* [WHAT THE EXERCISE ASKS]:
Exact copies of all the records are the expected output.

━━━ DATA TO EXAMINE

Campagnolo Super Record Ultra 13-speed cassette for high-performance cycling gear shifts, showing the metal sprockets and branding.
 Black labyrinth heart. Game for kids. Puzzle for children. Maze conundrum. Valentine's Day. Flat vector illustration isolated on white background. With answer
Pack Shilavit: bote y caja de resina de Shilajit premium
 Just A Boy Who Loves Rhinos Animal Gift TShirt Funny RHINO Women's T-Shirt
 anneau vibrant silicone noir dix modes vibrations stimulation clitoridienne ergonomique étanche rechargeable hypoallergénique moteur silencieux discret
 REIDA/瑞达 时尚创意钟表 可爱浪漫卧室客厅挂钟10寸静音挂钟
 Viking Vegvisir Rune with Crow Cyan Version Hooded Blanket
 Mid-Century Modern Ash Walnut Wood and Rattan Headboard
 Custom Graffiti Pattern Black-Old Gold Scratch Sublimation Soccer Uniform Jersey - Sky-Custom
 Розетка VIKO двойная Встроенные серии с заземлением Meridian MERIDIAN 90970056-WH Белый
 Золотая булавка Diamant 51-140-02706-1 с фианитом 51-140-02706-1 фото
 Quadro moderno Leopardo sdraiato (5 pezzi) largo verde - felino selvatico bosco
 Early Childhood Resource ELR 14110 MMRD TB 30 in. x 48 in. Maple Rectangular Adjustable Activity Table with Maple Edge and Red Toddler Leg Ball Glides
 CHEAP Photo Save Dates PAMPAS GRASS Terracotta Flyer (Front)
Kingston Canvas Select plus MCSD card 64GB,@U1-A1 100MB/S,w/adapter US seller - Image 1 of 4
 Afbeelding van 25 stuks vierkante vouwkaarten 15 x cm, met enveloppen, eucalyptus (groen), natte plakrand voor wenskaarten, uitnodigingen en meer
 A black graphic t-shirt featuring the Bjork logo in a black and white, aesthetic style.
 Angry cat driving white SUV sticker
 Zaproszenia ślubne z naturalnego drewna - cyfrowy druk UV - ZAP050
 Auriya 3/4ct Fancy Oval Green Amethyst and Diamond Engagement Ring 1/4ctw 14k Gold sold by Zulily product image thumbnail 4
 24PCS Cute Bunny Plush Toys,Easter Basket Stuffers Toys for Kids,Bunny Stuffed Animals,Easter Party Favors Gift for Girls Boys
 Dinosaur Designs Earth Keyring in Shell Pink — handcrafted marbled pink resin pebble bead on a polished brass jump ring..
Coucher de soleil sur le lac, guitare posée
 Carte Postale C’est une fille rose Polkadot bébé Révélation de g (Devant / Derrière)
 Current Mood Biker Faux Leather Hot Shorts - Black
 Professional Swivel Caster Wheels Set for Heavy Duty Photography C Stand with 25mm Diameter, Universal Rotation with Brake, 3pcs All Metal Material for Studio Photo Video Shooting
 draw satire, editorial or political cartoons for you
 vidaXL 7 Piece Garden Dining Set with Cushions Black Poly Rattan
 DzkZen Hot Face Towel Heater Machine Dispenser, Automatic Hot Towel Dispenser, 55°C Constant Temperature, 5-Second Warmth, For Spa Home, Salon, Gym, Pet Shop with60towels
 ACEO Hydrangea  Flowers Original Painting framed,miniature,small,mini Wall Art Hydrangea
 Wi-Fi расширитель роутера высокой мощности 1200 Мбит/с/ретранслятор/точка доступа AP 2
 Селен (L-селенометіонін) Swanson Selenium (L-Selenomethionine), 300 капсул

━━━━━━

* [EXERCISE RESULT]:
Campagnolo Super Record Ultra 13-speed cassette for high-performance cycling gear shifts, showing the metal sprockets and branding.
 Black labyrinth heart. Game for kids. Puzzle for children. Maze conundrum. Valentine's Day. Flat vector illustration isolated on white background. With answer
Pack Shilavit: bote y caja de resina de Shilajit premium
 Just A Boy Who Loves Rhinos Animal Gift TShirt Funny RHINO Women's T-Shirt
 anneau vibrant silicone noir dix modes vibrations stimulation clitoridienne ergonomique étanche rechargeable hypoallergénique moteur silencieux discret
 REIDA/瑞达 时尚创意钟表 可爱浪漫卧室客厅挂钟10寸静音挂钟
 Viking Vegvisir Rune with Crow Cyan Version Hooded Blanket
 Mid-Century Modern Ash Walnut Wood and Rattan Headboard
 Custom Graffiti Pattern Black-Old Gold Scratch Sublimation Soccer Uniform Jersey - Sky-Custom
 Розетка VIKO двойная Встроенные серии с заземлением Meridian MERIDIAN 90970056-WH Белый
 Золотая булавка Diamant 51-140-02706-1 с фианитом 51-140-02706-1 фото
 Quadro moderno Leopardo sdraiato (5 pezzi) largo verde - felino selvatico bosco
 Early Childhood Resource ELR 14110 MMRD TB 30 in. x 48 in. Maple Rectangular Adjustable Activity Table with Maple Edge and Red Toddler Leg Ball Glides
 CHEAP Photo Save Dates PAMPAS GRASS Terracotta Flyer (Front)
Kingston Canvas Select plus MCSD card 64GB,@U1-A1 100MB/S,w/adapter US seller - Image 1 of 4
 Afbeelding van 25 stuks vierkante vouwkaarten 15 x cm, met enveloppen, eucalyptus (groen), natte plakrand voor wenskaarten, uitnodigingen en meer
 A black graphic t-shirt featuring the Bjork logo in a black and white, aesthetic style.
 Angry cat driving white SUV sticker
 Zaproszenia ślubne z naturalnego drewna - cyfrowy druk UV - ZAP050
 Auriya 3/4ct Fancy Oval Green Amethyst and Diamond Engagement Ring 1/4ctw 14k Gold sold by Zulily product image thumbnail 4
 24PCS Cute Bunny Plush Toys,Easter Basket Stuffers Toys for Kids,Bunny Stuffed Animals,Easter Party Favors Gift for Girls Boys
 Dinosaur Designs Earth Keyring in Shell Pink — handcrafted marbled pink resin pebble bead on a polished brass jump ring..
Coucher de soleil sur le lac, guitare posée
 Carte Postale C’est une fille rose Polkadot bébé Révélation de g (Devant / Derrière)
 Current Mood Biker Faux Leather Hot Shorts - Black
 Professional Swivel Caster Wheels Set for Heavy Duty Photography C Stand with 25mm Diameter, Universal Rotation with Brake, 3pcs All Metal Material for Studio Photo Video Shooting
 draw satire, editorial or political cartoons for you
 vidaXL 7 Piece Garden Dining Set with Cushions Black Poly Rattan
 DzkZen Hot Face Towel Heater Machine Dispenser, Automatic Hot Towel Dispenser, 55°C Constant Temperature, 5-Second Warmth, For Spa Home, Salon, Gym, Pet Shop with60towels
 ACEO Hydrangea  Flowers Original Painting framed,miniature,small,mini Wall Art Hydrangea
 Wi-Fi расширитель роутера высокой мощности 1200 Мбит/с/ретранслятор/точка доступа AP 2
 Селен (L-селенометіонін) Swanson Selenium (L-Selenomethionine), 300 капсул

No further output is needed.